The current “relaxation” of the European Commission’s safeguard measures on steel imports – with a 5% enlargement of import quotas in February this year, another upward revision of 5% scheduled for July 2019 and another in July 2020 – operates out of step with the anticipated decline of the EU steel market in 2019, European Steel Association Eurofer said Tuesday.

Eurofer is “a key stakeholder in the safeguards process so will argue on the procedure,” said Karl Tachelet, Eurofer’s director of international affairs, on a webcast with reporters. The situation in which the current 3-year safeguard was first set up, becoming effective from July 2018, has “changed dramatically since,” he said.

In mid-2018 prices for hot-rolled coil in Europe were at a “healthy” level around Eur545/mt ($609/mt), but have fallen in Southern Europe to around Eur460 and remain depressed, according to Tachelet.

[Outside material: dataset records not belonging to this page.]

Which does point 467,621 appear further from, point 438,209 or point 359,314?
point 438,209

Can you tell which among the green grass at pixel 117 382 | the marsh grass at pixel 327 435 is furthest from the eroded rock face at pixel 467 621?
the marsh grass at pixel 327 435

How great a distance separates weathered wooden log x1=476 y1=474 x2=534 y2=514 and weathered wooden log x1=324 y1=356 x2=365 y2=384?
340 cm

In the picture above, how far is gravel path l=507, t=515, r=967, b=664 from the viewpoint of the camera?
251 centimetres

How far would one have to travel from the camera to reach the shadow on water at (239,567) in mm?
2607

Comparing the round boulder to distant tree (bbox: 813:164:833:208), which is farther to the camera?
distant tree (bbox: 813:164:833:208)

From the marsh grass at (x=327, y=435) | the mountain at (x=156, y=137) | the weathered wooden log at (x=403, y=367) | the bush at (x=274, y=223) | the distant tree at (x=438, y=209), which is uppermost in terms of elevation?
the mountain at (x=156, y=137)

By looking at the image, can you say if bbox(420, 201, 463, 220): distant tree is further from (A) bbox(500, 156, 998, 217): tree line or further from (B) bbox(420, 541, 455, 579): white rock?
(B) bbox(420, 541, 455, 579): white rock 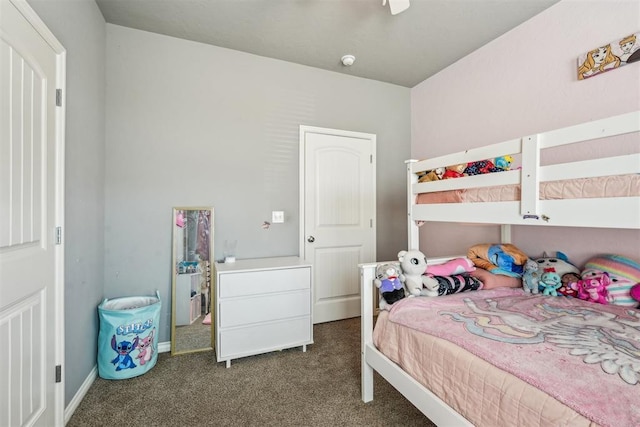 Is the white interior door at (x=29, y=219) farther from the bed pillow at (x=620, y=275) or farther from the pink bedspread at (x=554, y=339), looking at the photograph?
the bed pillow at (x=620, y=275)

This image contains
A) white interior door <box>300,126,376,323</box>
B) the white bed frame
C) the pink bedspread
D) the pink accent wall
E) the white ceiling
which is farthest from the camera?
white interior door <box>300,126,376,323</box>

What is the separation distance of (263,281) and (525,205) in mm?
1731

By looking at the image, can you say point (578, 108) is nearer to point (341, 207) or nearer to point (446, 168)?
point (446, 168)

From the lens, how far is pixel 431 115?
10.5ft

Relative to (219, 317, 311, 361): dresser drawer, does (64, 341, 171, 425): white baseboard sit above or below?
below

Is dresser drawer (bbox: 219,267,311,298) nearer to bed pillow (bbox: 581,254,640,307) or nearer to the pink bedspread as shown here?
the pink bedspread

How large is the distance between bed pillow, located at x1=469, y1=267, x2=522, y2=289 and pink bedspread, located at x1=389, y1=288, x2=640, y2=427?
75 mm

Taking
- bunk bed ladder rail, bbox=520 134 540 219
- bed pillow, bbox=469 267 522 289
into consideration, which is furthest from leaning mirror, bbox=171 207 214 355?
bunk bed ladder rail, bbox=520 134 540 219

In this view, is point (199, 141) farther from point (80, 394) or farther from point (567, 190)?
point (567, 190)

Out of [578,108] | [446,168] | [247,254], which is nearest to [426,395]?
[446,168]

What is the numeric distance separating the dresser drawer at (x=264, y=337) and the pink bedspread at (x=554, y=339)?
103 cm

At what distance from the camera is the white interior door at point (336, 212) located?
2.92 metres

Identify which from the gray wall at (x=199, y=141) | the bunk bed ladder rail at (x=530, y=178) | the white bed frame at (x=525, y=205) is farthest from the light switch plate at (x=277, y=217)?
the bunk bed ladder rail at (x=530, y=178)

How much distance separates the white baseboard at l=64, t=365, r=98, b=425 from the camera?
62.1 inches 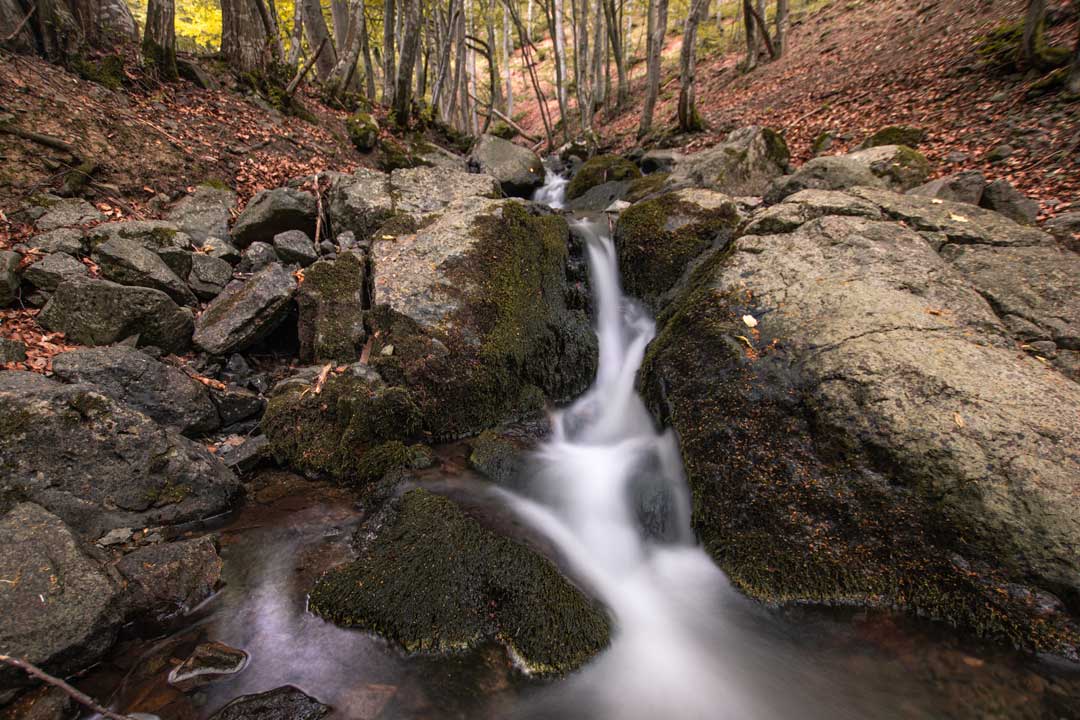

The excess steelmaking capacity problem globally “is getting worse and worse” as capacity being built to replace imports, for instance in the Middle East and North Africa, will impact EU producers particularly in southern Europe, he said.

“Algeria could become an exporter of rebar to the south of Europe,” he said.

With higher imports and a depressed market, with expectations of EU apparent steel consumption falling by 0.4% over 2019, more steelmakers could follow ArcelorMittal’s lead in cutting output, announced this week, Tachelet said.

The OECD recently put global steel overcapacity at 550 million mt, Eurofer reported.

“The 15% increase in import quota allowed in the final safeguard measures risks squeezing the EU steel sector, as it will be exposed to rising import pressure in a shrinking market,” Eurofer said in a statement.

“The impact of imports having surged over 2018 has squarely hit home. In an EU market that grew by 3.3% last year, imports grew by 12.6% and domestic deliveries by only 1.7%,” Axel Eggert, director general of Eurofer, said in the statement. “This represents yet further loss of market share for domestic producers.”

Imports, at 9.6 million mt, accounted for 24.7% of EU steel demand in Q4 2018, according to Eurofer.